Start of DATA FOR THIS EXERCISE

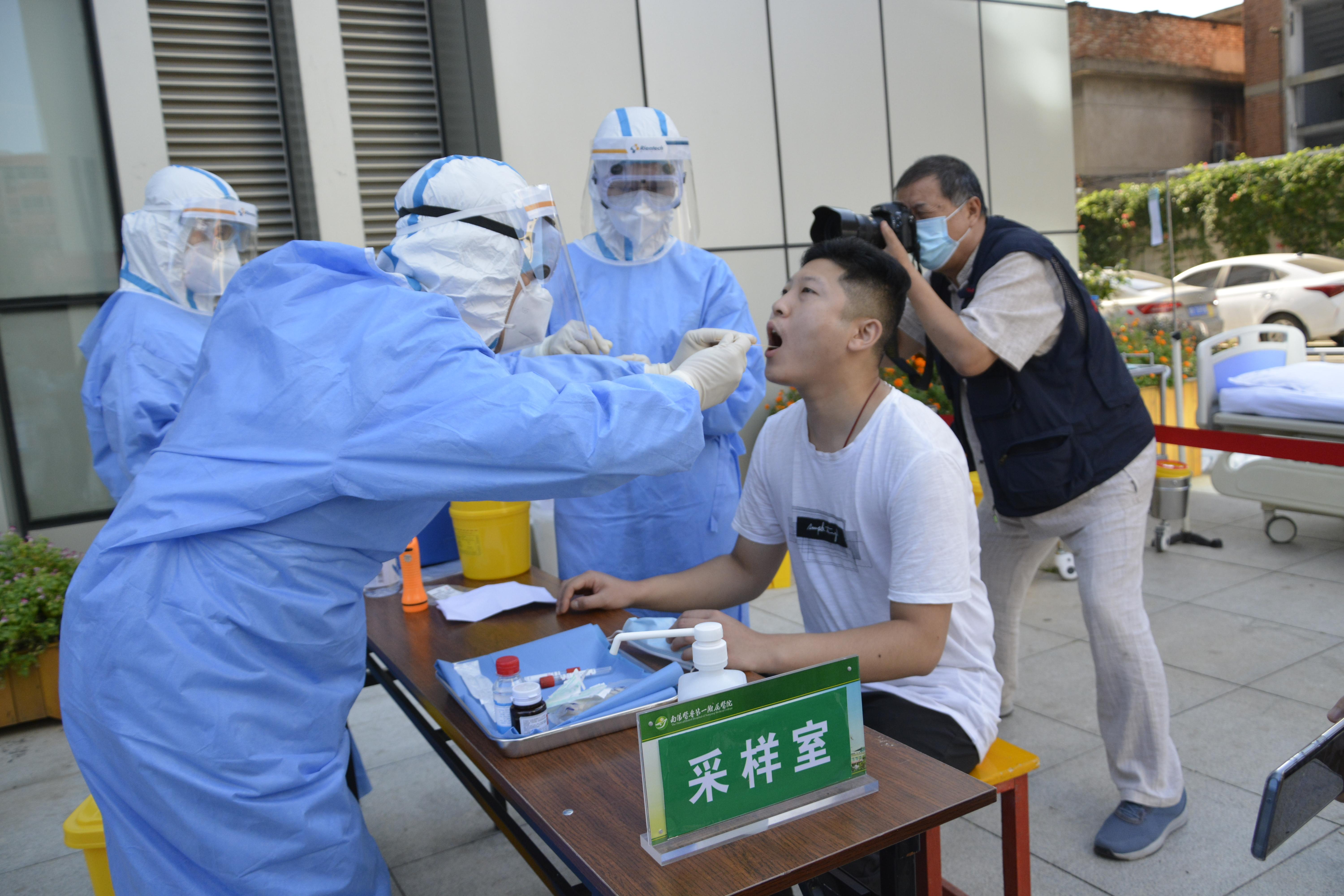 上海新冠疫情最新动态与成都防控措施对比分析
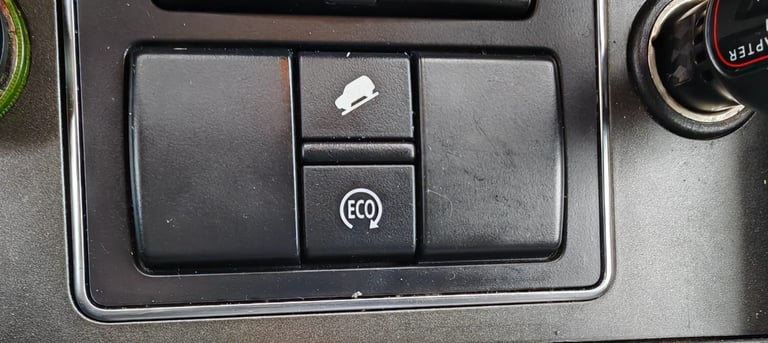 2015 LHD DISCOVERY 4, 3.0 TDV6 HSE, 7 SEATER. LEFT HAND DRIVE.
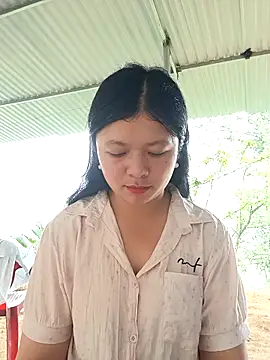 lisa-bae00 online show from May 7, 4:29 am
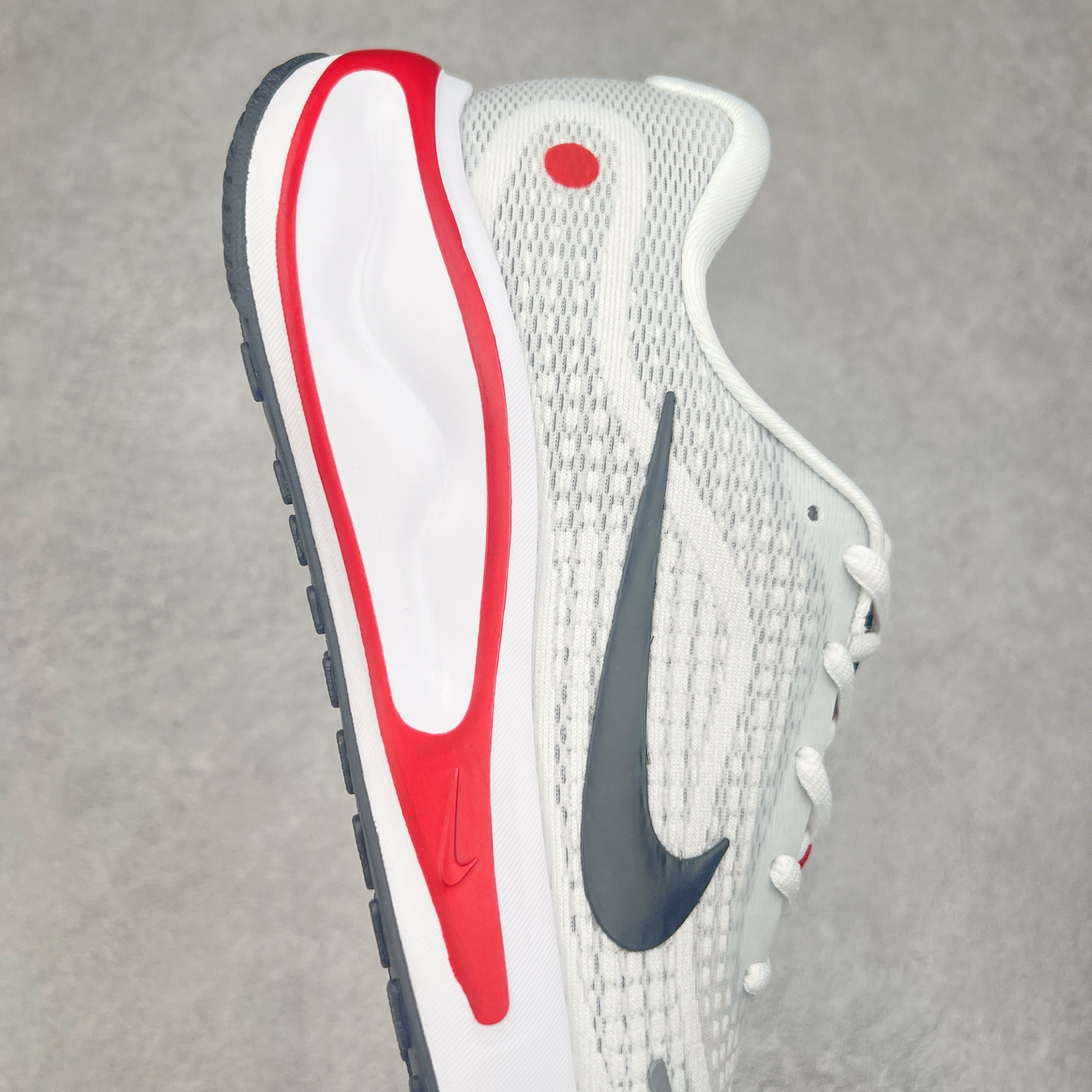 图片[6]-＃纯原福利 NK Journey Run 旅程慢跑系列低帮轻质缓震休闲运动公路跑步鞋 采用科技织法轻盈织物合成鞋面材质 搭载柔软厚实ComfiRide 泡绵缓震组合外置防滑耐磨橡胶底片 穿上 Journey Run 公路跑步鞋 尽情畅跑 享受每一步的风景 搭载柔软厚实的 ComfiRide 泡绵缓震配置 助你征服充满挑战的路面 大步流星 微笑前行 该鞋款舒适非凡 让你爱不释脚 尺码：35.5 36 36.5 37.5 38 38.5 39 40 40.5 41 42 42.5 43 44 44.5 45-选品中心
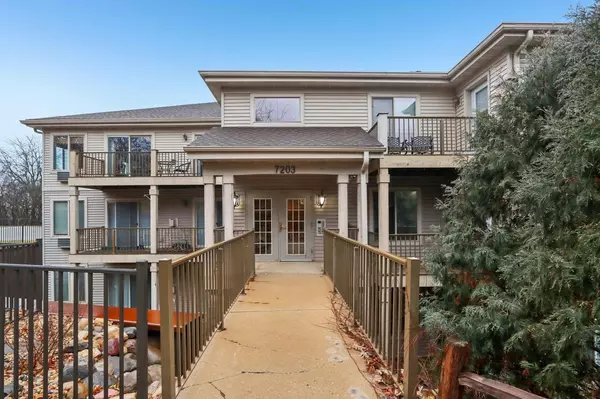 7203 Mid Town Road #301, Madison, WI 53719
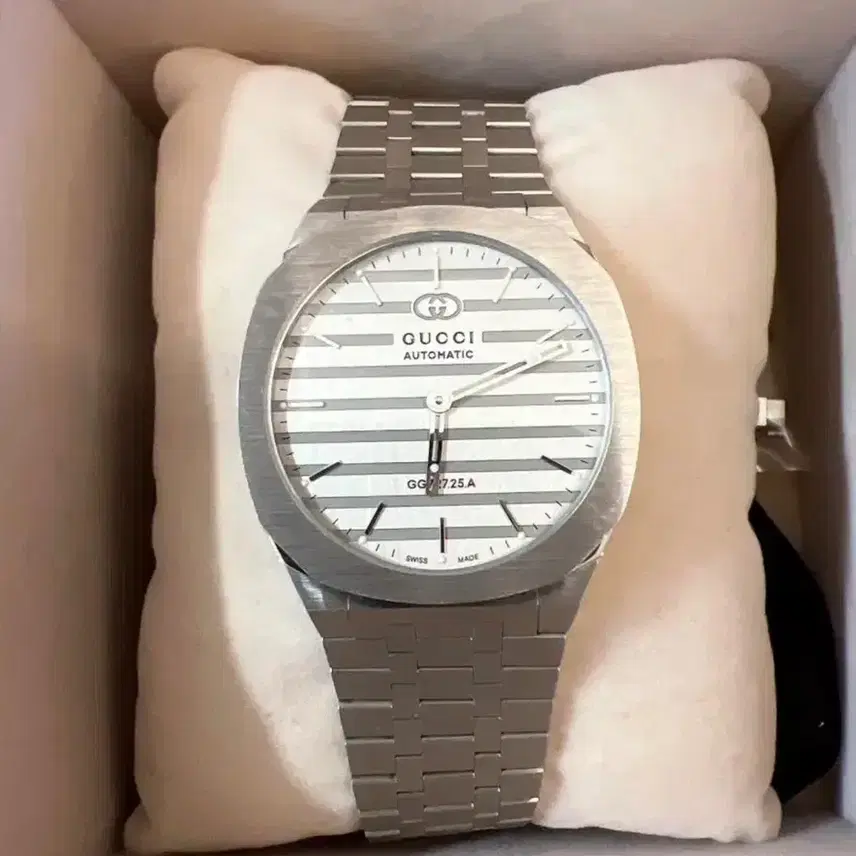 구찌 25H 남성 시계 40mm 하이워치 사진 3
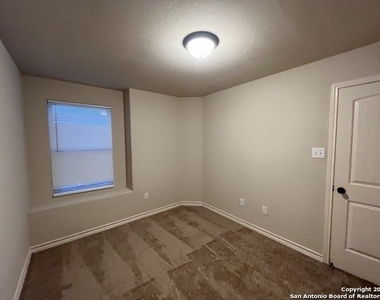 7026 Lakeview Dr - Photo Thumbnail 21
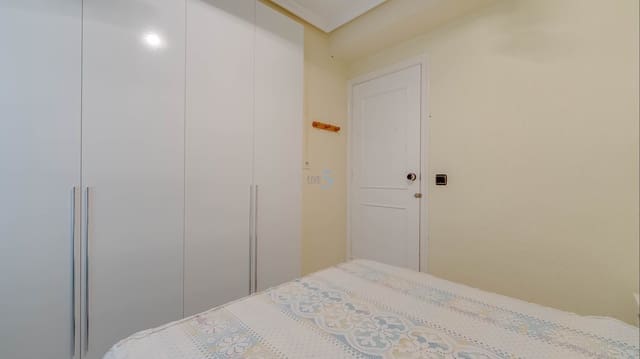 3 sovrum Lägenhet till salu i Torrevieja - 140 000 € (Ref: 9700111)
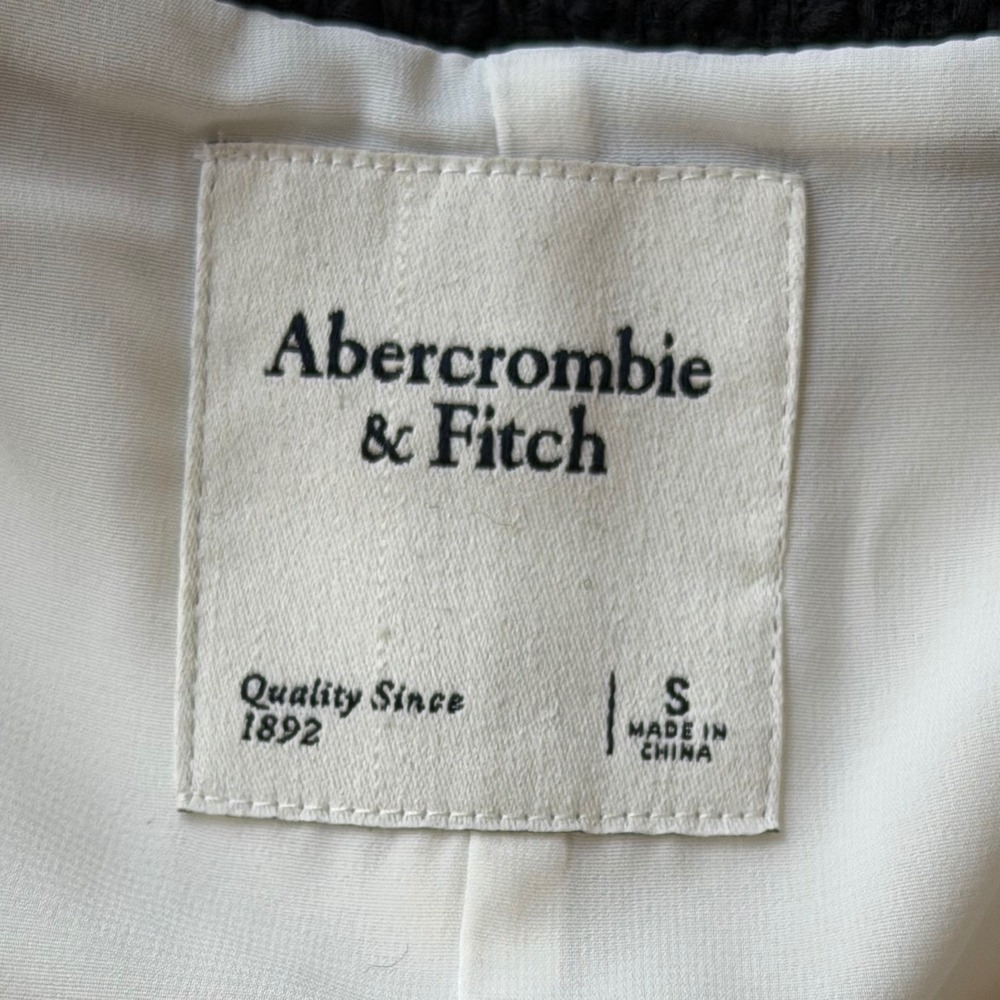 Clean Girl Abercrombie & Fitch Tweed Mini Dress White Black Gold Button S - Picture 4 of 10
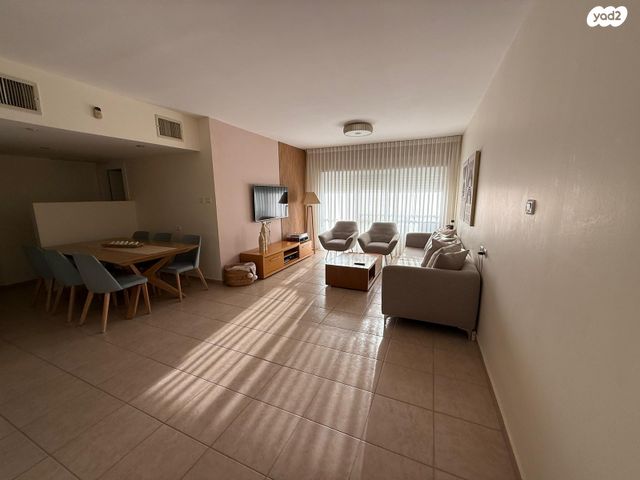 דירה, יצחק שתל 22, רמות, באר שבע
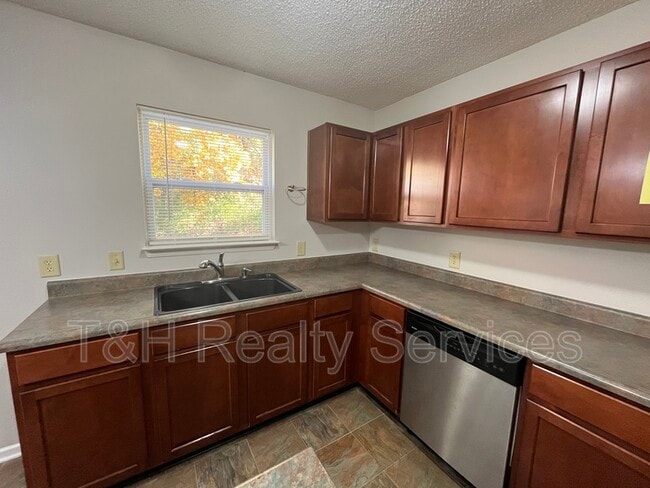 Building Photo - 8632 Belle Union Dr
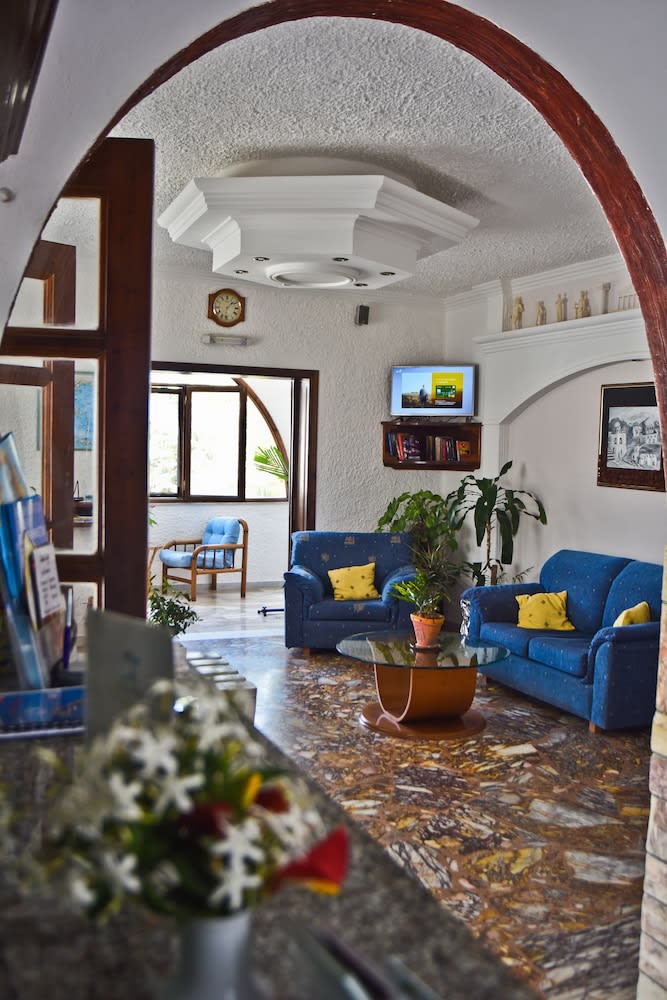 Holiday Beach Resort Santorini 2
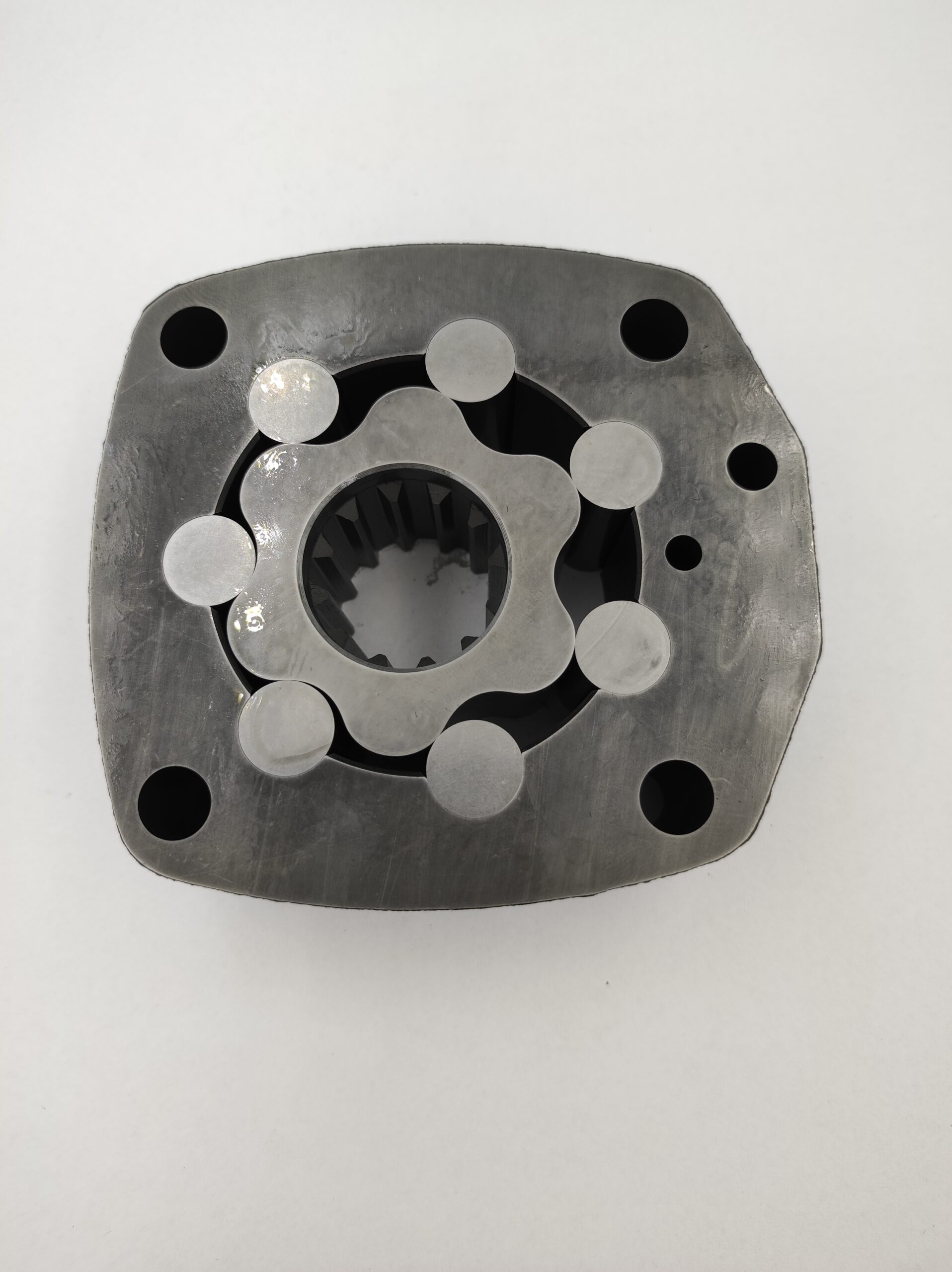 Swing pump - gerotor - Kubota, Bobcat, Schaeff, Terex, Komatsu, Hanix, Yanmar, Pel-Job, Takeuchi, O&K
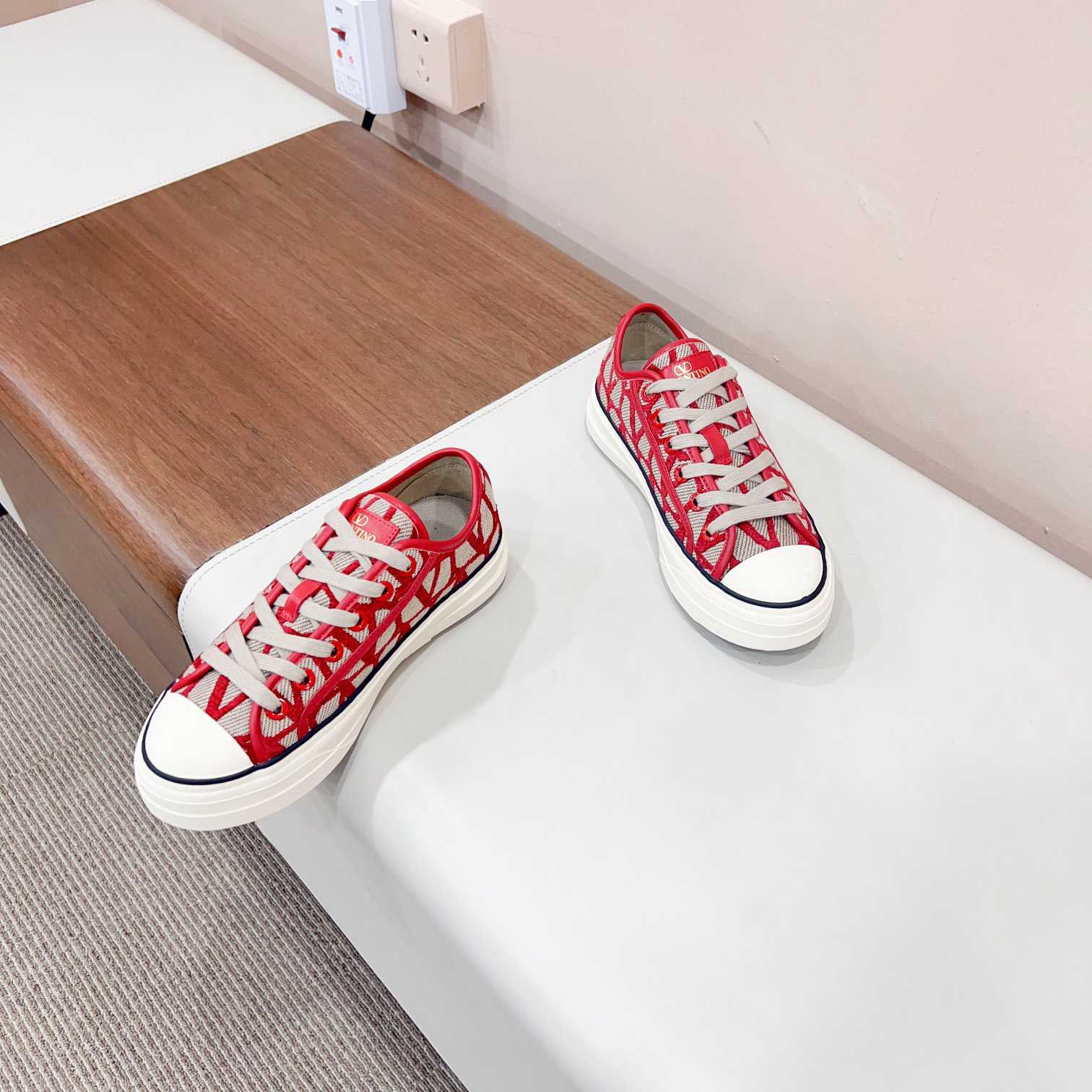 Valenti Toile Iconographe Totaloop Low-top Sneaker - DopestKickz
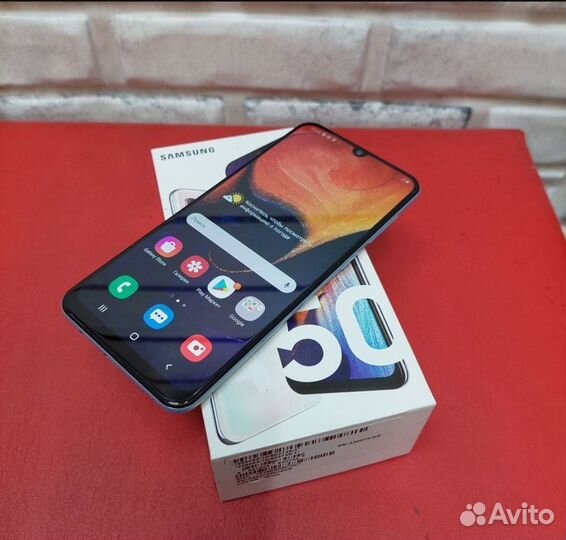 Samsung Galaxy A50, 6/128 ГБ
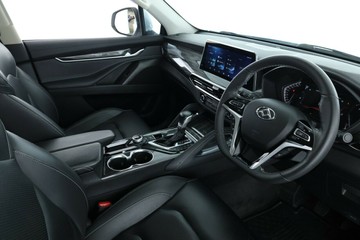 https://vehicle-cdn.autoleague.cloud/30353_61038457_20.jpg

End of DATA FOR THIS EXERCISE

Treat the line with "7026 Lakeview Dr - Photo Thumbnail 21" as the start and the line with "Swing pump - gerotor" as the end, and return exactly that span of the data above, both ends included, without pictures.

SOLUTION TO THIS PROBLEM:
 7026 Lakeview Dr - Photo Thumbnail 21
 3 sovrum Lägenhet till salu i Torrevieja - 140 000 € (Ref: 9700111)
 Clean Girl Abercrombie & Fitch Tweed Mini Dress White Black Gold Button S - Picture 4 of 10
 דירה, יצחק שתל 22, רמות, באר שבע
 Building Photo - 8632 Belle Union Dr
 Holiday Beach Resort Santorini 2
 Swing pump - gerotor - Kubota, Bobcat, Schaeff, Terex, Komatsu, Hanix, Yanmar, Pel-Job, Takeuchi, O&K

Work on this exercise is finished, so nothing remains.